The Gospel of Thomas
An introduction


"113. His disciples said to him, "When will the Father's imperial rule come?" "It will not come by watching for it. It will not be said, 'Look, here!' or "Look, there!' Rather, the Father's imperial rule is spread out upon the earth, and people don't see it.."
Apply your heart to instruction and your ears to words of knowledge. ... Proverbs 23:12 (NIV)
BEYOND BELIEF: The Secret Gospel of Thomas by Elaine Pagels. Random House Canada: Toronto, ON. 2003.
256 pp. Hardcover. $37.95 Cdn. ISBN #0-375-501-56-8. Reviewed by: Wayne A. Holst  (900 words)
Reviewed for the Edmonton Journal, Edmonton, AB. Marc Horton, Books Editor.The Toronto Star, Toronto, ON. Libby Stephens, Religon Editor, and the Siclical Ezine, Vernon Sundmark, Kelowna, BC.  May 16th, 2003.
Elaine Pagels, a church historian teaching at Yale, was not drawn to the Christian faith community because of its beliefs.
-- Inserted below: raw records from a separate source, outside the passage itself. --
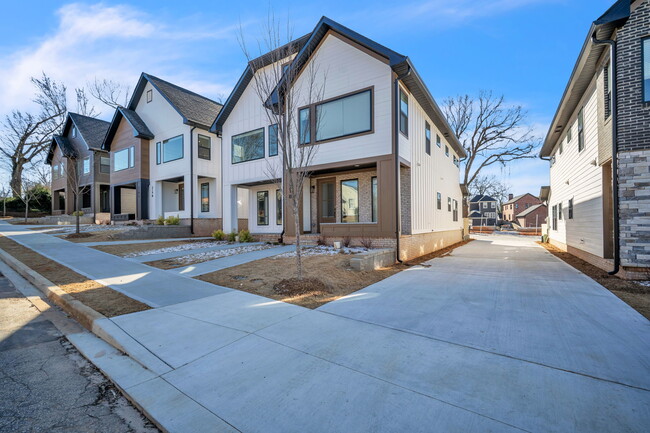 Building Photo - Medford Mews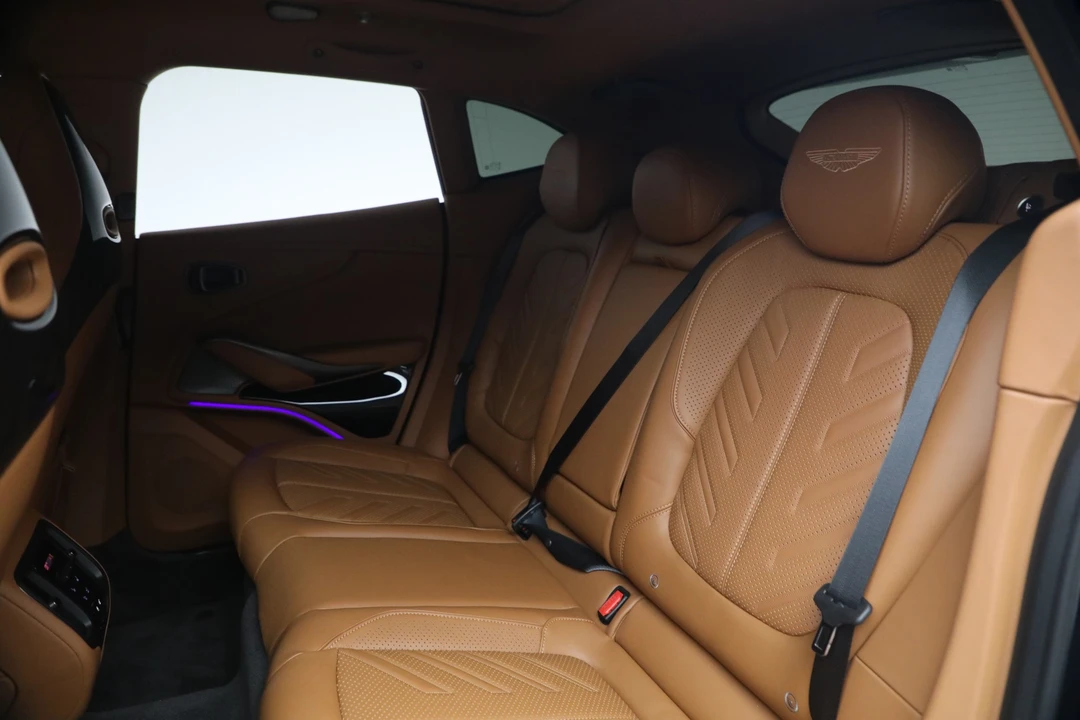 2026 Aston Martin DBX - Image 19 of 31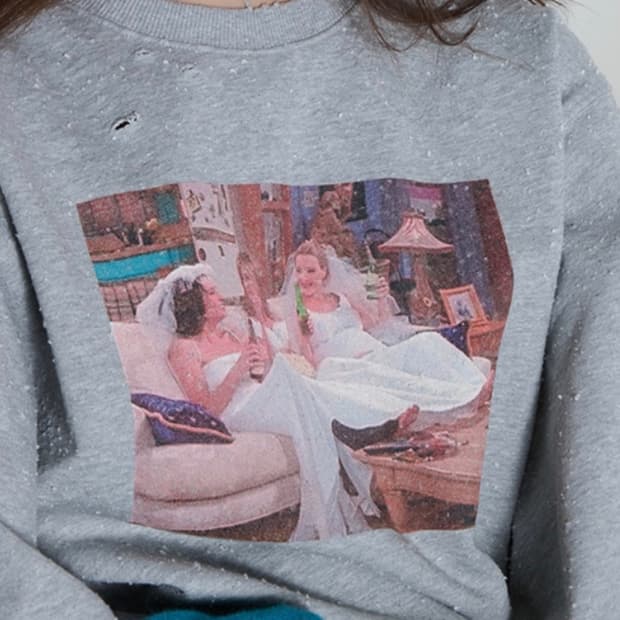 프레클x프랜즈 맨투맨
She was, rather, deeply affected when, in the midst of a family crisis and a Sunday morning jogging session, she unexpectedly found herself inside a New York City church in a T-shirt and running shorts. The sounds of a choir and the image of a woman priest in bright gold and white vestments profoundly spoke to her.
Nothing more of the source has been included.